The Supreme Court today refused to entertain a plea seeking a direction to the poll panel to nullify an election result and conduct fresh poll if NOTA gets the maximum votes in a constituency.
A bench of Chief Justice Dipak Misra and Justices A M Khanwilkar and D Y Chandrachud allowed the petitioner to withdraw the plea which had also sought a direction to the Election Commission of India (ECI) to restrict those candidates and political parties, whose election have been nullified, from taking part in fresh polls.
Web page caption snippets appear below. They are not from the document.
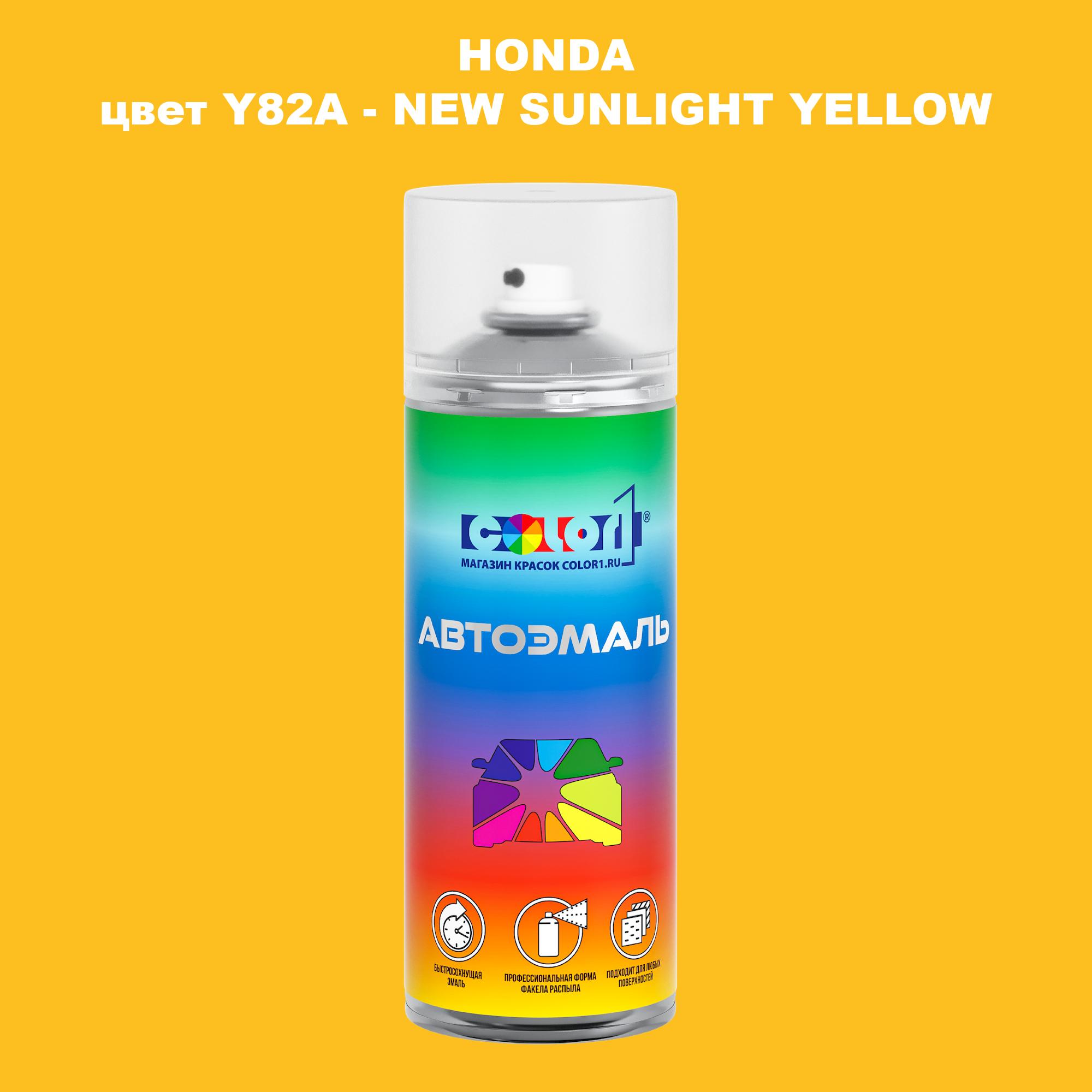 

Аэрозольная краска COLOR1 для HONDA, цвет Y82A - NEW SUNLIGHT YELLOW, Прозрачный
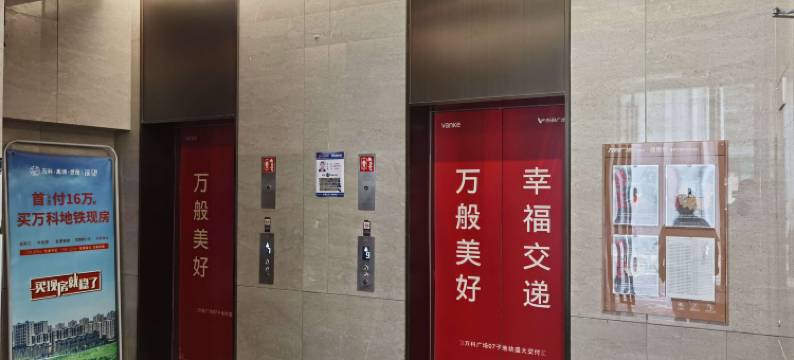 新桔公寓(厦门北站店)图片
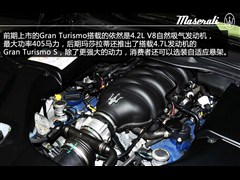 2007�� 4.2L ��׼��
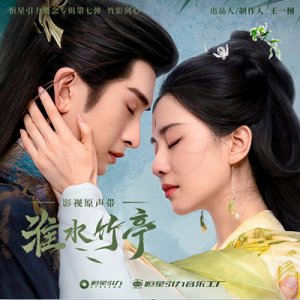 群星2025 – 淮水竹亭 影视原声带[恒星引力][FLAC分轨]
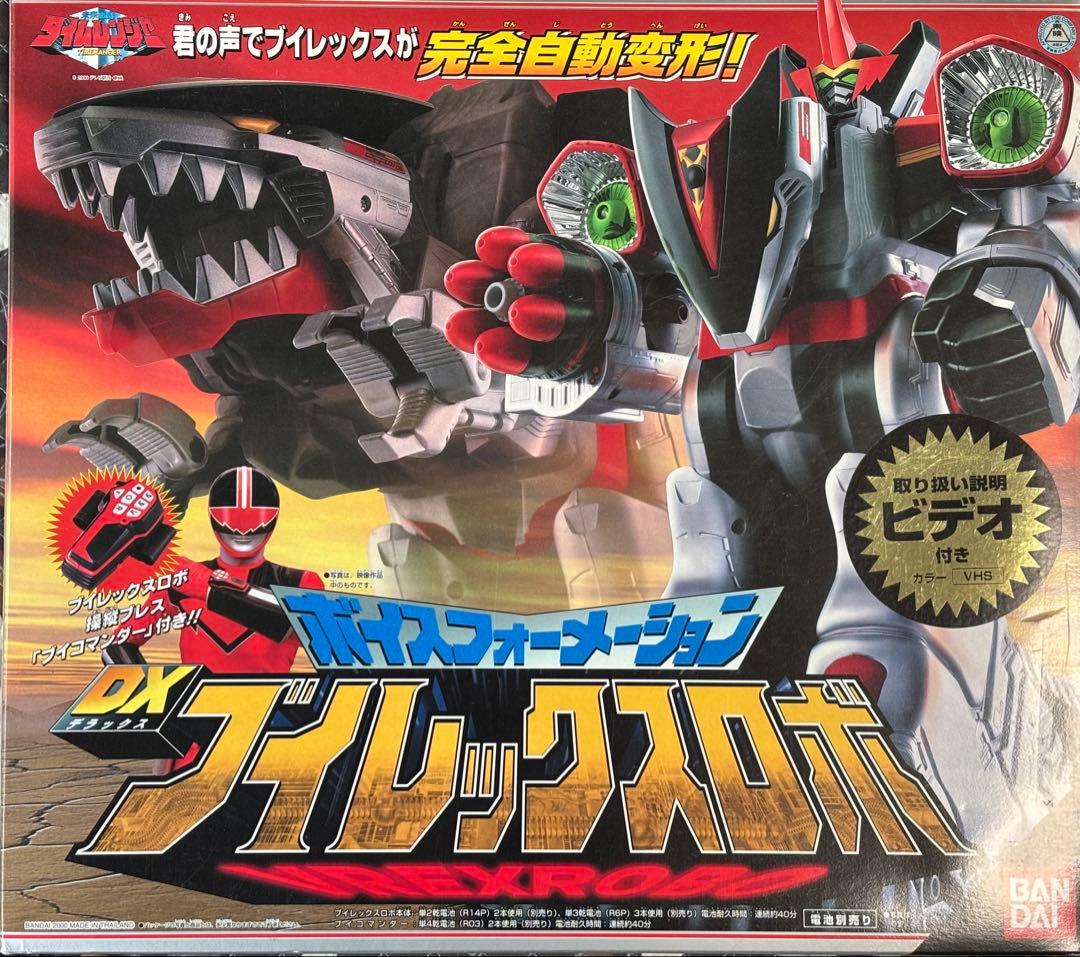 未来戦隊タイムレンジャー DXブイレックスロボ DVディフェンダー セット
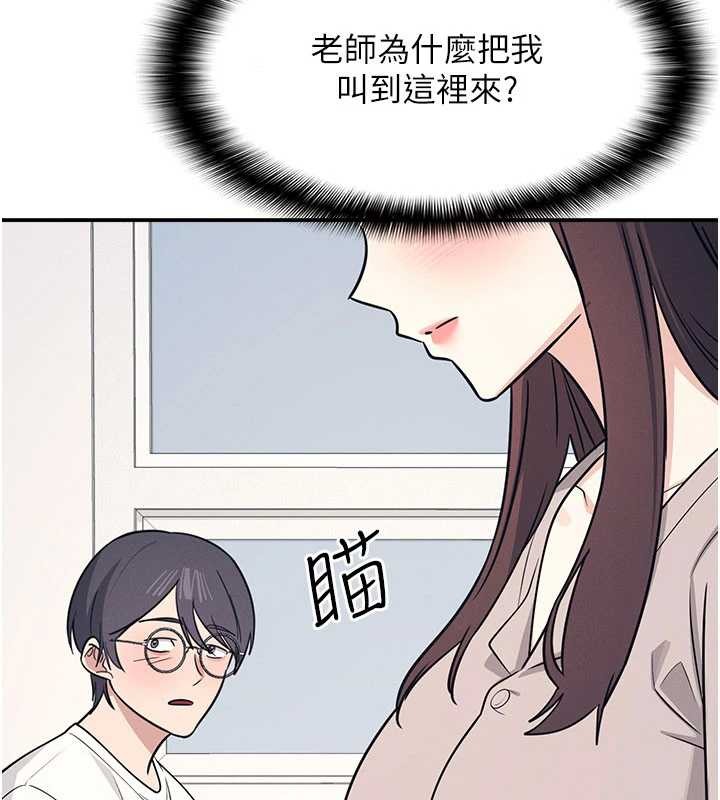 第14话-决定成为补习班的肉便器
The apex court termed the suggestions as “unworkable” and said “we cannot destroy our democracy just like that... holding an election in our country is a very serious and expensive business. Today we cannot say that unless a person gets 51 per cent of votes, he cannot be declared elected.”
Sensing the mood of the court favouring dismissing the plea, petitioner advocate Ashwini Kumar Upadhyay, also a Delhi BJP spokesperson, chose to withdraw the petition.
The petition had also said the right to reject and elect a new candidate will give power to the people to express their discontent.
The Right to Reject was first proposed by the Law Commission in its 170th report in 1999 as part of its ‘Alternative Method of Election’. It had also suggested that the contesting candidates should be declared elected only if they have obtained 51 per cent of all valid votes.
The PIL wanted the Union government to implement the Law Commission recommendations to ensure free and fair polls.